Secular Prophecy


According to Brother Cornell West, “even atheists like Karl Marx can be a secular prophet”. Remember West identifies as a Christian. Marx was deeply secular, but in his concern for working people and in what West refers as  “his call for accountability of capital, and the bosses, and elites at the top including oligarchs and plutocrats there is a prophetic element to his critique.”  West denied that Mao, or Stalin, or even Lenin are prophets. They have become “gangsters” said West. They were not on the side of the oppressed. They are not prophets at all. They manipulated working people for their own advantage. They did not care about the poor.

The presence of gangsters who claim to be followers of Marx does not detract from the fact that Marx’s critique was an act of secular prophesy. When Marx said that capitalism would generate a system in which there would be more and more autocrats and plutocrats at the top who will not be accountable and will instead try to buy off politicians in such a way that working people become “secondary and tertiary” he was prophetic. That does not mean that Marx correctly predicted the future. It means that he was correct in his analysis of the present (at that time) workings of the capitalist system.  And the present is the the mother of the future. That is what pragmatic prophecy is all about. Like the Old Testament Prophets, West does not advocate trying to predict the future. That is false prophecy. The real Prophet tries to look closely and fearlessly at the present, analyze it, and tell us what he or she thinks is wrong with it. Often that entails telling the powerful what they don’t want to hear. That is a Prophet.

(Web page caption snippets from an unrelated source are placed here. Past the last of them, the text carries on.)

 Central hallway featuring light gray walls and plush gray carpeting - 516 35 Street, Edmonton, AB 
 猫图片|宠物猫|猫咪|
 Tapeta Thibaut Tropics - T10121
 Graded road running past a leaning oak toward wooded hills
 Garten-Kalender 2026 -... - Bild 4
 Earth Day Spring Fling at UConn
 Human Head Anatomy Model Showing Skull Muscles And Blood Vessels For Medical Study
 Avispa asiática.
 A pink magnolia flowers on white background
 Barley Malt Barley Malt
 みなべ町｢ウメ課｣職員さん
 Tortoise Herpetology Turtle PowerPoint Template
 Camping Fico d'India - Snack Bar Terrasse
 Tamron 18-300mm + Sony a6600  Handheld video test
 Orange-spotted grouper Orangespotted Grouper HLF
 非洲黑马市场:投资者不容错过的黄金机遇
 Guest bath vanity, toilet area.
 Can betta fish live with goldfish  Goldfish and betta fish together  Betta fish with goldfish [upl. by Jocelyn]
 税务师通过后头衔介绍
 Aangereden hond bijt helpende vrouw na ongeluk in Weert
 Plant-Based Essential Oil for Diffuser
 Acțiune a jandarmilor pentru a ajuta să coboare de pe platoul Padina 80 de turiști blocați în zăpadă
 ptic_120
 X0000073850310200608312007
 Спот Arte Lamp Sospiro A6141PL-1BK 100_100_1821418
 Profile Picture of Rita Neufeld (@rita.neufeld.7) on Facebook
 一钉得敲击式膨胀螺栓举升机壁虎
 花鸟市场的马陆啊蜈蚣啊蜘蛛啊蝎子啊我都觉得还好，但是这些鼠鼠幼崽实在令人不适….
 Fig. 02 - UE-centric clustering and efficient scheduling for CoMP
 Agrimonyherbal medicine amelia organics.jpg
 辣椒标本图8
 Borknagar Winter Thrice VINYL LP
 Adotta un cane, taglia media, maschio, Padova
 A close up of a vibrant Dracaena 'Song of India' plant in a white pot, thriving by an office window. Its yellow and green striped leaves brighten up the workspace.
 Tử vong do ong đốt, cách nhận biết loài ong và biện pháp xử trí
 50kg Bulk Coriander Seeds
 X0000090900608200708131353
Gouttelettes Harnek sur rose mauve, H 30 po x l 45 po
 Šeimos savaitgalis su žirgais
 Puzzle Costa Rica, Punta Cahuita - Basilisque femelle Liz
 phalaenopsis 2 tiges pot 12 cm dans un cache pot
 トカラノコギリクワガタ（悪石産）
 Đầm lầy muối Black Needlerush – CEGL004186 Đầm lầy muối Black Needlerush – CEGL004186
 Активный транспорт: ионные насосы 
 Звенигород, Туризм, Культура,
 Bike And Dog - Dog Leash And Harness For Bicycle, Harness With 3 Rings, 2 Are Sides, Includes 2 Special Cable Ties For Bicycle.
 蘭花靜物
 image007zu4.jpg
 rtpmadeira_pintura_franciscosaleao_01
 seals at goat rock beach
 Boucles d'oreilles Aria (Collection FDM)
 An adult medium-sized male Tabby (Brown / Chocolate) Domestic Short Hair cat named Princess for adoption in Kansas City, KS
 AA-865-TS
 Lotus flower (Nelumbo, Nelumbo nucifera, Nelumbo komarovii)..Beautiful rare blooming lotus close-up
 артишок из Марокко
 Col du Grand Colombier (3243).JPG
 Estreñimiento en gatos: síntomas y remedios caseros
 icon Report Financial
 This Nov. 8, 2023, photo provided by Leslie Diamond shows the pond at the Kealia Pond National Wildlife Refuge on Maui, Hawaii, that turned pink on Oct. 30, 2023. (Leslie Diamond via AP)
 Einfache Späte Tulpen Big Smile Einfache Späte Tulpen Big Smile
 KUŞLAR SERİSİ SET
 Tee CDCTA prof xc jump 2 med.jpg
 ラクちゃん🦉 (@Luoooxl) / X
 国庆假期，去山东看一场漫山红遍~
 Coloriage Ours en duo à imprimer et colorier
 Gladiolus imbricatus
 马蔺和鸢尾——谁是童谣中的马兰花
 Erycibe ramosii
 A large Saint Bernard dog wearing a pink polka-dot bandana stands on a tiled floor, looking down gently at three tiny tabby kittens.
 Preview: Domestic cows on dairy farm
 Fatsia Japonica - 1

As a result, West accepts Marx as a secular prophet even though as a Christian he disagrees with him on the God question.  He does not agree with Marx that all forms of religion are opiates. Some certainly are. Not all. At the same time he rejects some of the forms of Communism that flowed from Marx’s work.

What is important is a basic empathy for humanity. That is a big part of pragmatic prophecy as West sees it.  We must, he suggests, must ask “how do we get out of our tribalism, our clannishness, our narrow groupism, let alone our egos, our narcissism, our hedonism and our rapacious individualism that renders us callous to the suffering of others?” That is the type of question the prophet asks, whether secular or religious.  I think that is a very important approach. I even think it could be an important part of a religious quest in the modern age which is what I am looking at.

That is a perennial problem that every generation must face. As West said at his talk at the University of Winnipeg, “We have to learn to support not just those who look like us, that have the same colour of our skin, that attend the same churches or mosques as us, and support the larger humanity.”


Taking up a notion I got from the American philosopher Peter Singer, what we must do, is expand our fellow feeling is how I would put it.  I think that is what Brother West was saying. And I think that is profound. Again, since my view is that fellow feeling or empathy is the fundamental core of religions—virtually all religions—that is the what it means to be engaged in a religious quest in the modern age. If you are not expanding the circle of compassion you have fallen off the trail and it’s time to get back.